What are Antimicrotubule Drugs?
Antimicrotubule drugs are used in the treatment of a wide variety of cancers. They are plant-derived medicines that disrupt microtubule function; microtubules being polymers of tubulin that form part of the cytoskeleton of cells.
In the treatment of cancer, there are two main classes of antimicrotubule drugs:
- Vinca alkaloids – vincristine, vinblastine, vinorelbine
- Taxanes – paclitaxel, docetaxel
Of course, these two classes are not the only medicines that disrupt microtubule function.
Other drugs that disrupt microtubule function include:
- Colchicine – a drug derived from the Autumn crocus [Colchicum autumnale], a medicine used to treat gout
- Griseofulvin – an antifungal drug derived from a Penicillium species
- Podophyllotoxin – a drug derived from the mayapple / wild mandrake plant; a drug used to treat genital warts and water warts
For the anticancer medicines, the original plant sources include:
- Madagascar periwinkle [Catharanthus roseus] – source of vinca alkaloids
- Pacific yew tree [Taxus brevifolia] – source of taxanes
Of course, synthetic variations are now created through other, more convenient means.
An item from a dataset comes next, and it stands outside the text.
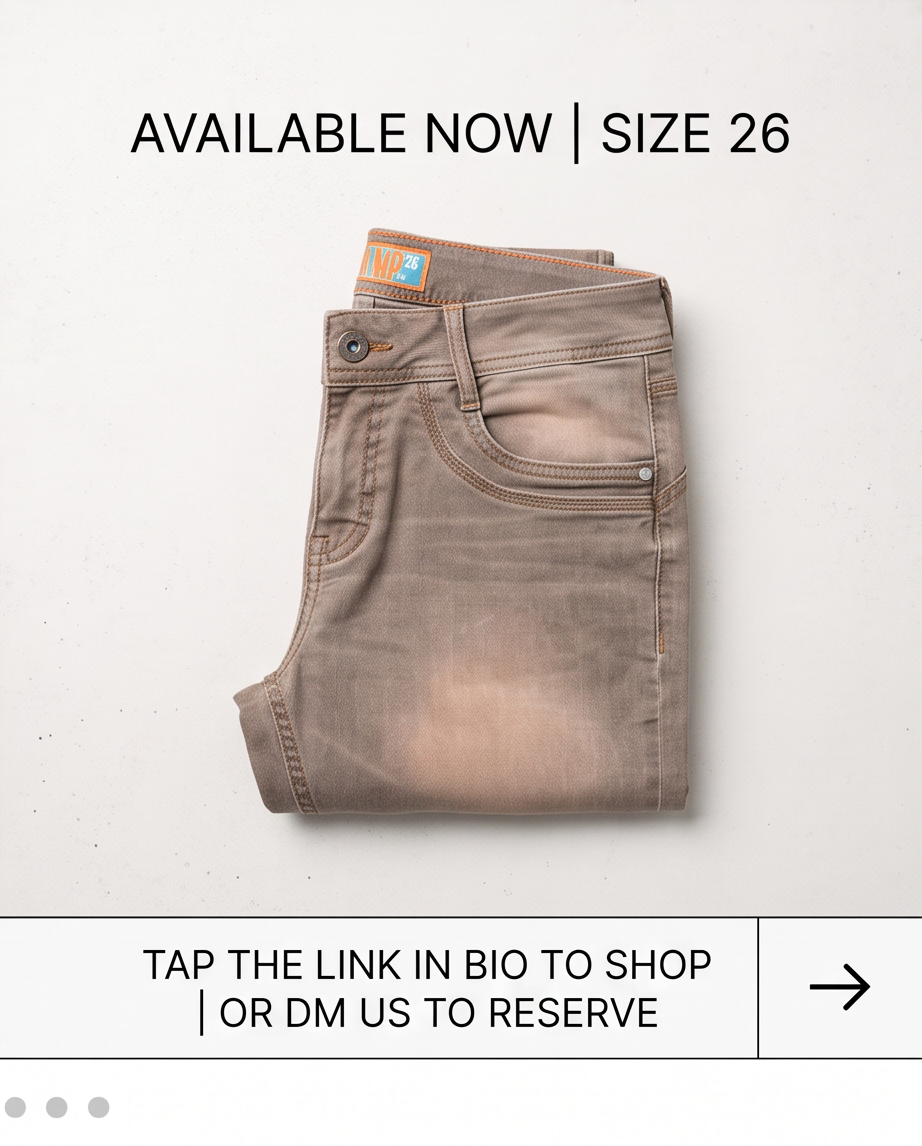 Pantalon street one — taille 26 — bon état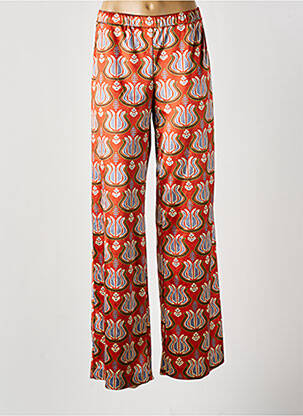 Pantalon evazat portocaliu NIU femeie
Antimicrotubule drugs are used to treat a wide variety of cancers.
- Vincristine – Hodgkin’s disease, non-Hodgkin’s lymphoma, leukemia, neuroblastoma
- Vinblastine – Hodgkin’s disease, lymphoma, breast cancer, testicular cancer
- Vinrelbine – non-small cell lung cancer
- Paclitaxel – ovarian cancer, breast cancer, Kaposi’s sarcoma, non-small cell lung cancer
- Docetaxel – breast cancer, head and neck cancer, prostate cancer, non-small cell lung cancer
Here, we’ve listed many of their most common uses – however, any of the above drugs may be used as part of a wider regimen to treat other cancers not listed in this guide.
With these indications in mind, let’s take a closer look at how both anticancer drug classes work for, though they are both antimicrotubule agents, they work by entirely different means.
Mechanism of action
Both drug classes – taxanes and vinca alkaloids – act on microtubules.
Microtubules form an essential, structural role; a fundamental part of the cytoskeleton. Microtubules are composed of two proteins:
Microtubules are needed for cell division, among other functions. Microtubules are not static structures. They are in a near-constant cycle of assembly and disassembly. That is where the two medicine classes come in.
One class impacts “assembly”, whereas the other class impacts “disassembly”.
Taxanes work by preventing microtubule disassembly – meaning cell division, or mitosis, cannot take place. In contrast, vinca alkaloids prevent microtubule formation – preventing assembly of tubulin into microtubulin.
Because cell division cannot take place, the cell is stunned into arrest before undergoing apoptosis, or programmed cell death.
Unlike other anticancer drug classes, such as the alkylating agents, antimicrotubule drugs are cell cycle specific – that is to say, they act at specific points along the cell cycle.
In contrast, alkylating agents are non-cell cycle specific – acting irrespective of the cell cycle phase.
- Vinca alkaloids bind to tubulin molecules in the S phase, preventing the necessary microtubule formation needed in M phase.
- Taxanes prevent cell cycle at different points. Paclitaxel prevents the cell cycle at the boundary of G2-M phases, whereas docetaxel prevents the cycle in the S phase.
Let’s now review the potential side effect profiles associated with both drug classes.
Side effects associated with taxanes include:
- Hair loss – because taxanes are cytotoxic to all rapidly dividing cells
- Low blood cell counts – particularly neutropenia
- Shortness of breath
- Nausea and vomiting
- Muscle pains and aches
- Nail color changes
Side effects associated with vinca alkaloids include:
- Hair loss
- GI effects – particularly constipation
- Peripheral neuropathy
- Loss of appetite
Of course, because these are anticancer drugs, they are linked to a wide variety of other potential side effects. Above, we’ve listed many of the most common side effects.
As well as this, both drug classes are linked to drug interactions.
Because anticancer drugs are given in regimens, the oncologist will determine the risk-ratio of the regimen and the potential for side effects, sometimes serious if not potentially fatal side effects. Ultimately, this is how treatment is determined.